To test this hypothesis, we analyzed the results of 276 CATMA microarray experiments performed in the context of the European FP5 Compendium of Arabidopsis Gene Expression (CAGE) project [16]. The corresponding biological samples consist of various Arabidopsis anatomical parts, harvested at different development stages, after different treatments or stresses, and from mutants (Additional File 5), including links to ArrayExpress experiment accessions [17,18]. Figure 3 shows the number of experiments in which a GST feature (a microarray probe) was associated with statistically significant foreground signal values (see Methods) in the 276 microarray data sets. The five top graphs represent the experimentally observed hybridization characteristics for each of the five GST classes.
As expected, the median number of significant foreground value experiments per probe for each class could be ranked in the following order: GST1 (54; 19.6% of the total number of experiments) < GST2 (61; 22.1%) < GST5 (141; 51.1%) < GST3 (207; 75.0%). It is important to note that class size varied significantly. The GST4 curve was irregular and difficult to rank because it was constructed with data collected from very few features. Remarkably, GST1 and GST2 medians were far from negligible. This observation could be explained in different ways: (1) the hybridization conditions might yield unspecific signals; (2) GST1 and GST2 tags might still yield residual signal because of partial overlap with actual transcription units; (3) regions currently defined as intergenic, but nevertheless transcribed, might hybridize to GST1 or GST2 tags [19,20]. We favor the latter two explanations because the Cy3 hybridization signal pattern observed for the Lucidea [21] background control spikes printed on the CATMA array had a very low median number of experiments with a significant foreground signal (21; 7.6%), distinctly below the median number for probe classes GST1 and GST2. To summarize, our observations confirm that the distribution of hybridization signal values is in agreement with the GST classification established on the basis of DNA sequence analysis and that this analysis correctly predicts the quality of the GST features in microarray experiments.
Design of the CATMAv4 addition including Gene Family Tags
In a final effort to reach comprehensive genome coverage of the CATMA repertoire, we had to resort to alternative strategies to design a tag for the remaining 2,338 untouched Arabidopsis nucleus-encoded TAIR6 cDNA sequences.
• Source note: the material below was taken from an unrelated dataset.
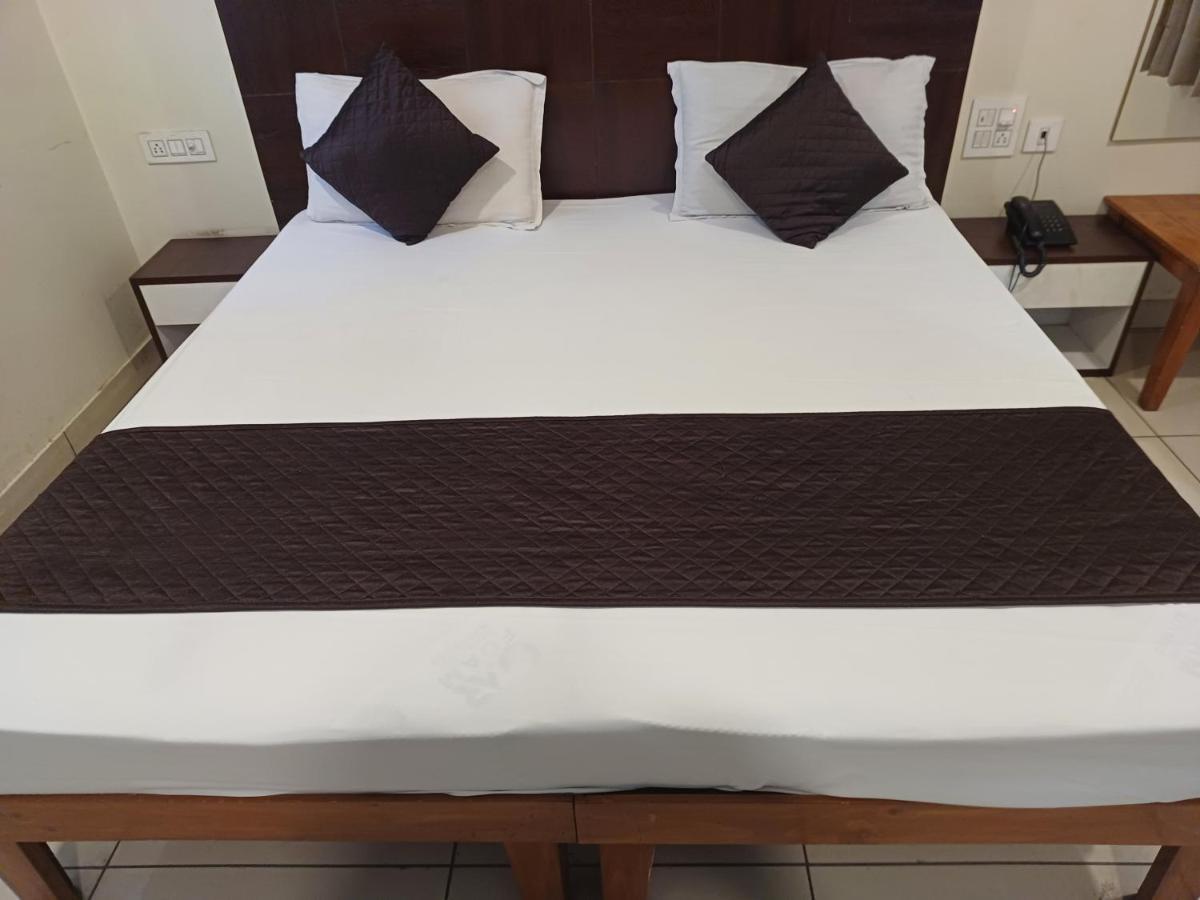 Hotel Rashika Palace Dźajpur Zewnętrze zdjęcie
Many of these genes lacked a matching GST because they belonged to gene families with high sequence similarity (above the 70% threshold previously chosen for GST design). To establish their relationship, the untouched genes were compared with each other and with the CATMAv3-tagged genes with NCBI-BLASTn [22] and grouped in gene families. The gene families were delimited to minimize the number of CATMAv3-tagged members they contained and the number of genes adhering to multiple families. For each family, a representative sequence was defined as a fragment from one of the members of the family, sharing at least 70% identity with all other untouched members and containing at least 50% of exon sequence. Using the Primer3 software [23], we designed sequence tags based on the representative family sequences. Tags corresponding to multi-member gene families were referred to as Gene Family Tags (GFTs), whereas tags corresponding to singleton genes were referred to as additional GSTs. An example of sequence alignment leading to the design of a GFT is presented in Additional File 6.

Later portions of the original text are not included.